* WHAT IS REQUIRED:
In the entries that follow, find the line containing "-苑苑vbeauty科技美容SPA" and the line containing "ortodoncia y brackets dentales en Bogota", then copy exactly everything from the first through the second except the pictures.

* SUPPLIED DATA:
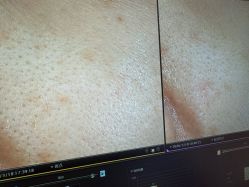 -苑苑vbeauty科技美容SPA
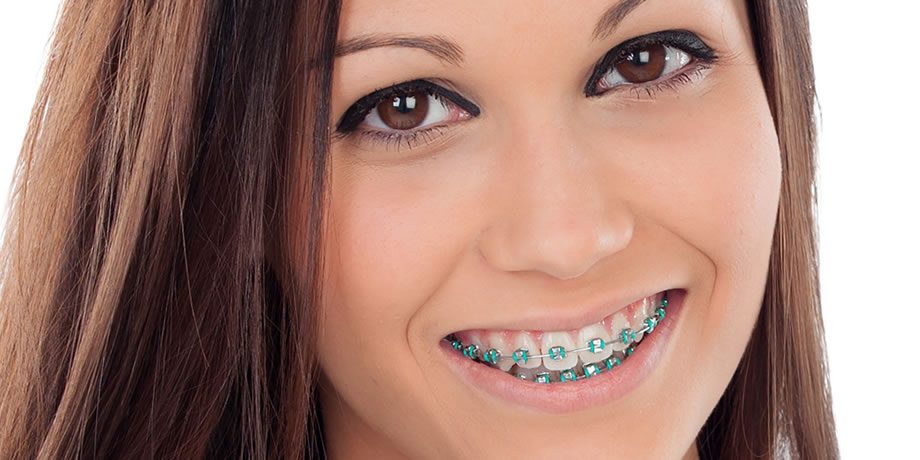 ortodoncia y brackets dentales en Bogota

==

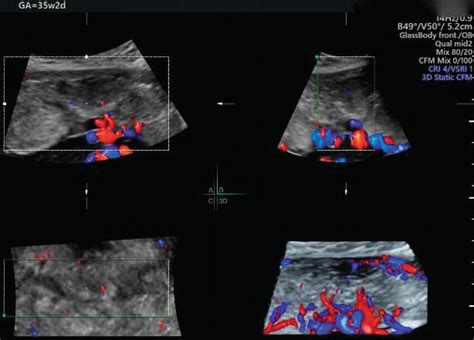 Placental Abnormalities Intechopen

* * *

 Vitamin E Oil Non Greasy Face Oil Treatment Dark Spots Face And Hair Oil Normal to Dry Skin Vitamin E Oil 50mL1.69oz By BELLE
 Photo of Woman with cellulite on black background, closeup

* OUTPUT OF THE TASK:
 -苑苑vbeauty科技美容SPA
 ortodoncia y brackets dentales en Bogota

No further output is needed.